* _What you need to do_: Give exactly the lines from the one that contains "Make the lady in babydoll dress" through the end of the entries below, both included; the pictures stay out.

:: Information provided

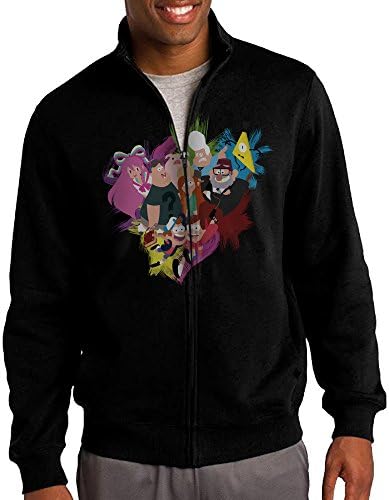 Gravity Falls Cartoon Dipper Mabel Hirsch Mens Zipper Jacket Hoodie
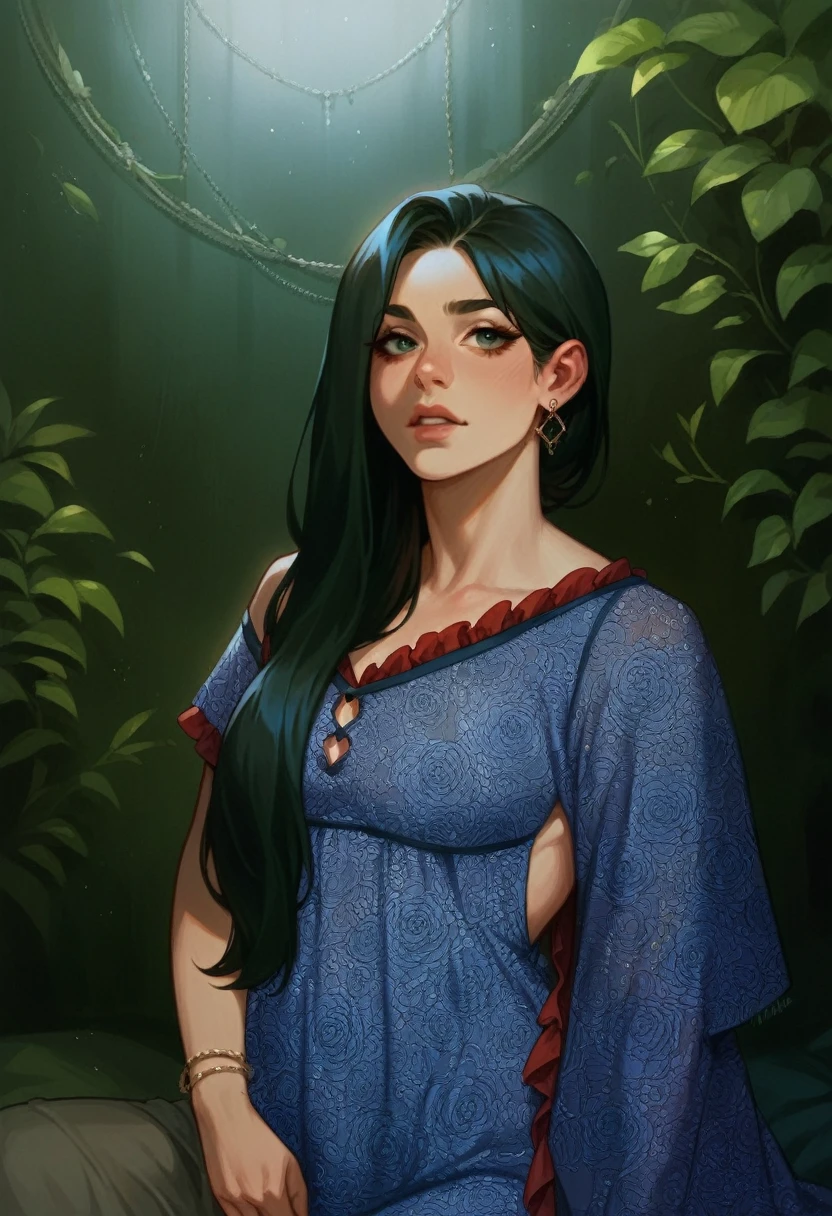 Make the lady in babydoll dress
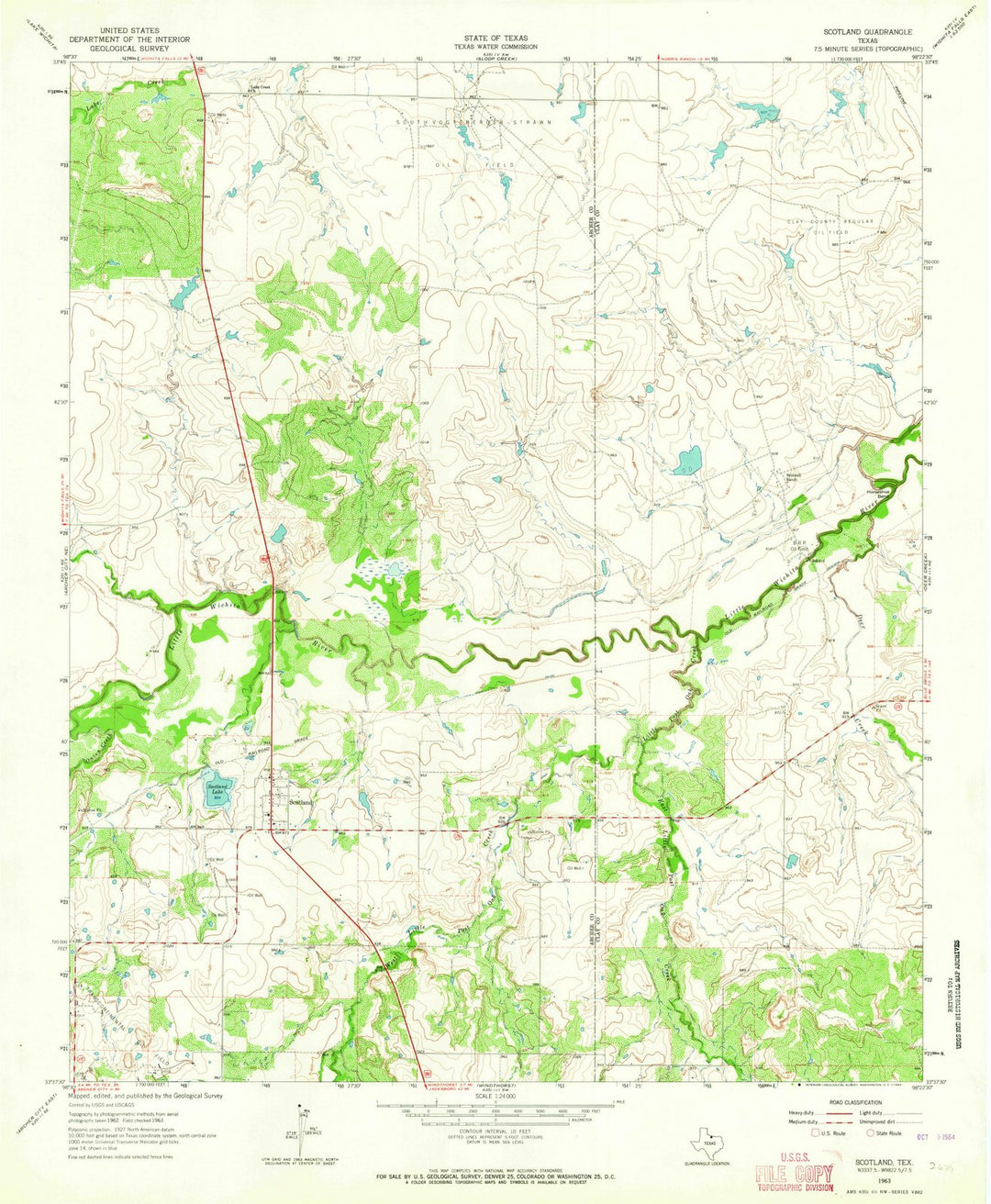 1963 Scotland, TX - Texas - USGS Topographic Map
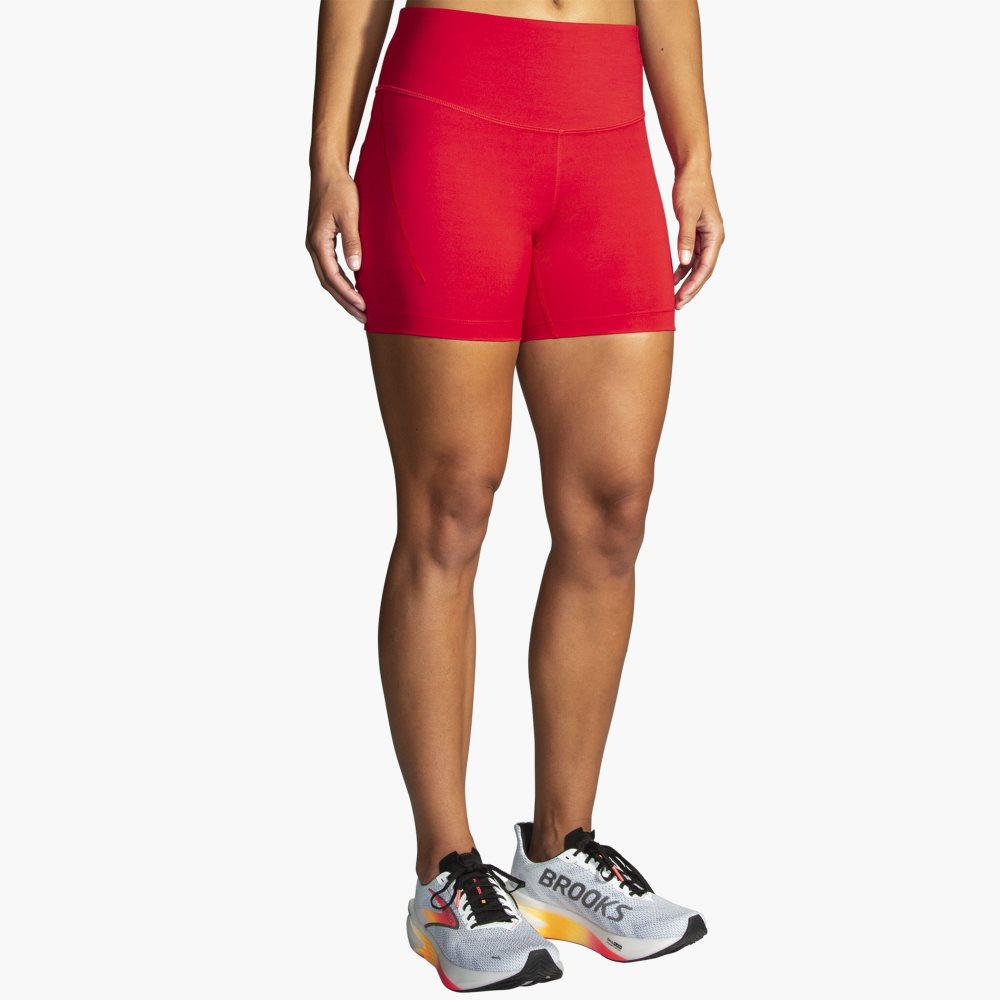 Brooks Spark 5 Short Tight Salsa | 59GTDHNBQ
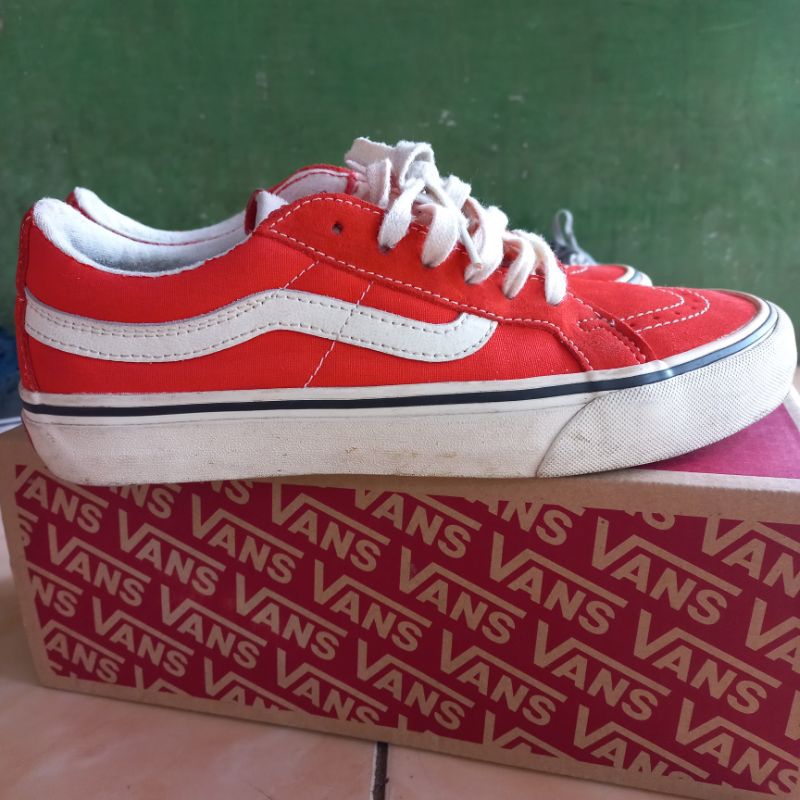 Vans sk8 Low reissue tomato antique sneaker pria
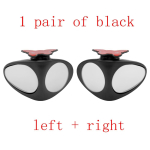 1 Pair Car Blind Spot Mirror Wide Angle Mirror 360-degree Adjustable Convex Rear View Mirror for Bmw x5 e70 Peugeot 207 must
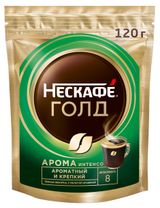 Изображение товара Кофе растворимый «Нескафé» Голд Арома Интенсо сублимированный с добавлением натурального жареного молотого кофе, 120 г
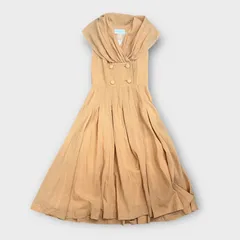 Rue Dorme ワンピース ドレス 9 Mサイズ オレンジ トップス レディース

::::

* _Result below_:
 Make the lady in babydoll dress
 1963 Scotland, TX - Texas - USGS Topographic Map
 Brooks Spark 5 Short Tight Salsa | 59GTDHNBQ
 Vans sk8 Low reissue tomato antique sneaker pria
 1 Pair Car Blind Spot Mirror Wide Angle Mirror 360-degree Adjustable Convex Rear View Mirror for Bmw x5 e70 Peugeot 207 must
 Изображение товара Кофе растворимый «Нескафé» Голд Арома Интенсо сублимированный с добавлением натурального жареного молотого кофе, 120 г
 Rue Dorme ワンピース ドレス 9 Mサイズ オレンジ トップス レディース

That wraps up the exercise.